Seakan belum cukup, rakyat disuguhi berita pahit: DPR mendapat tunjangan hunian Rp50 juta per bulan.
Sementara banyak rakyat mengais rezeki dari subuh hingga malam hanya untuk membayar kontrakan sempit, para wakil rakyat hidup mewah dengan uang negara. Sementara anak-anak desa putus sekolah karena tak mampu bayar seragam, para pejabat berfoya-foya di apartemen mewah.
Kabar itu meledak seperti bom. Rakyat marah. Demonstrasi menjalar ke berbagai daerah. Rakyat menilai: inilah puncak dari penghinaan.

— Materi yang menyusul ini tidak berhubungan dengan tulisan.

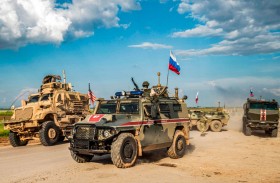 الشرطة الروسية تمنع دورية أمريكية من دخول القامشلي 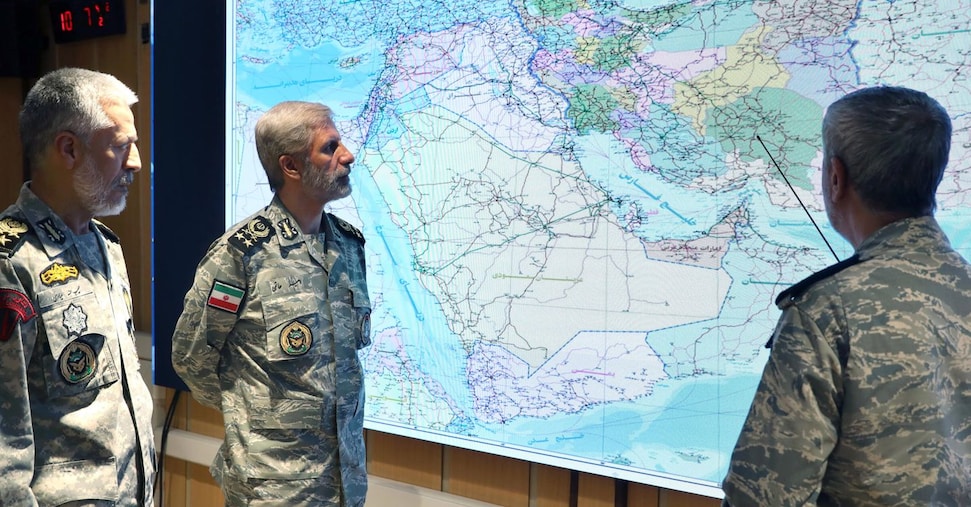 La guerra delle spie. L’Iran arresta un altro cittadino europeo La guerra delle spie. L’Iran arresta un altro cittadino europeo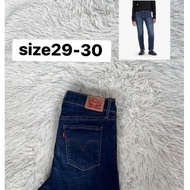 Levi's jeans 312 shaping Slim 100% Authentic Second Hand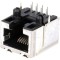 Conector RJ45 8P8C pentru PCB THT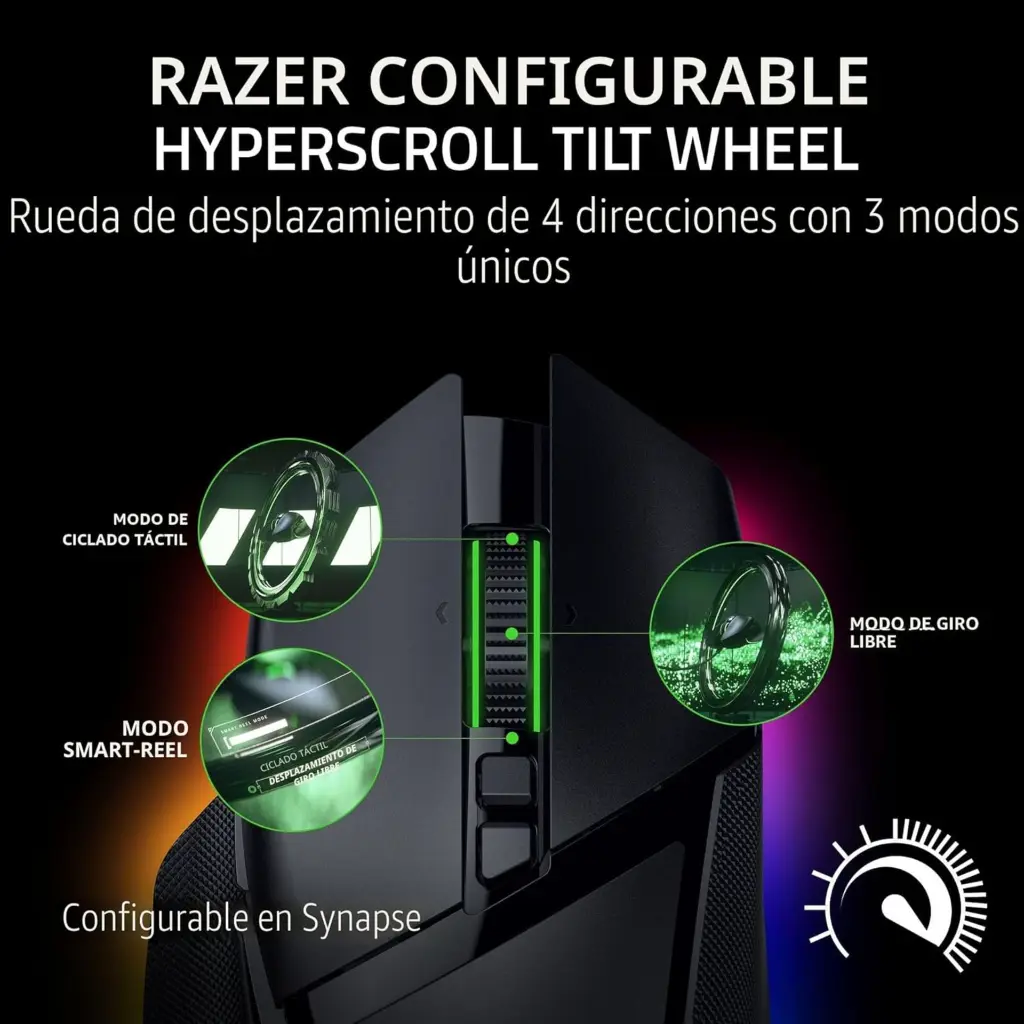 Mouse Razer Basilisk V3 RZ01-05230100-R3U1 2.0 (1).webp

> "Kami dipaksa bayar pajak tinggi, sementara mereka tidur di rumah mewah dari keringat kami," kata seorang buruh di Jakarta.

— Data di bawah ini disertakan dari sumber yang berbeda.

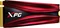 ADATA XPG Gammix S10 128GB, M.2 2280 / M-Key / PCIe 3.0 x4, Kühlkörper Vorschaubild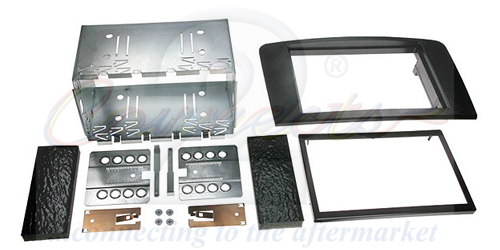 Connects2 CT23MB06A Mercedes M - Class Double Din Facia [Connects2 CT23MB06A]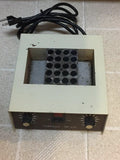 Fisher Scientific 20 X 15mL Tubes Boekel Dry Bath Incubator Block Heater 110022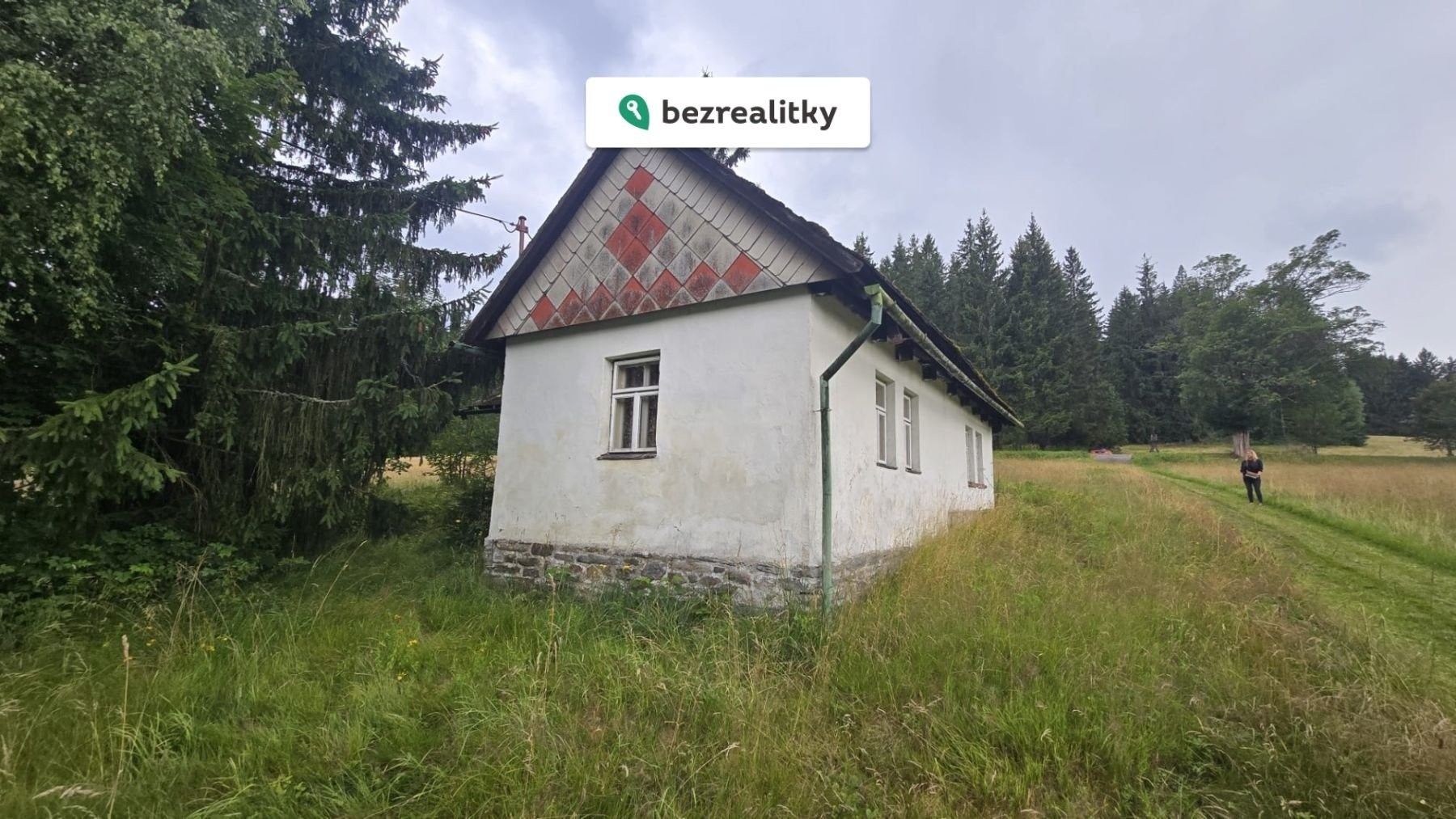 Chaty, Bartošovice v Orlických horách, 67 m²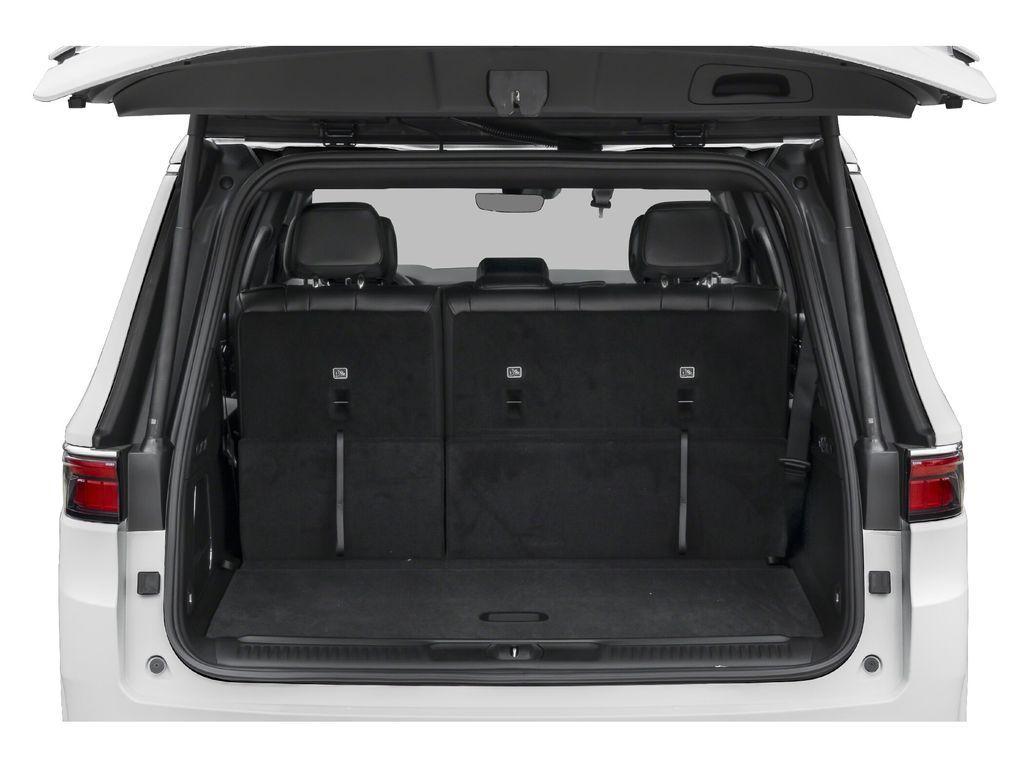 new 2025 Jeep Wagoneer car, priced at $74,995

Puncak ironi: rakyat bekerja keras untuk menghidupi wakilnya, sementara wakilnya sibuk menghidupi dirinya sendiri.
---
Bagian V: Tragedi Affan Kurniawan
Di tengah bara yang belum padam, tragedi datang. Affan Kurniawan, seorang pengemudi ojek online, tewas setelah ditabrak kendaraan Brimob.
Affan bukan pejabat, bukan orang penting, hanya rakyat kecil yang mencari nafkah di jalanan. Namun kematiannya mengguncang negeri. Karena ia merepresentasikan jutaan rakyat kecil yang selalu jadi korban: korban sistem, korban keserakahan, korban arogansi aparat.
Kematiannya menjadi simbol bahwa negara gagal melindungi warganya.
Di Makassar, rakyat murka. Gedung DPRD dibakar massa. Tiga orang meninggal dalam kerusuhan. Api benar-benar membakar, bukan hanya gedung, tapi juga hati rakyat.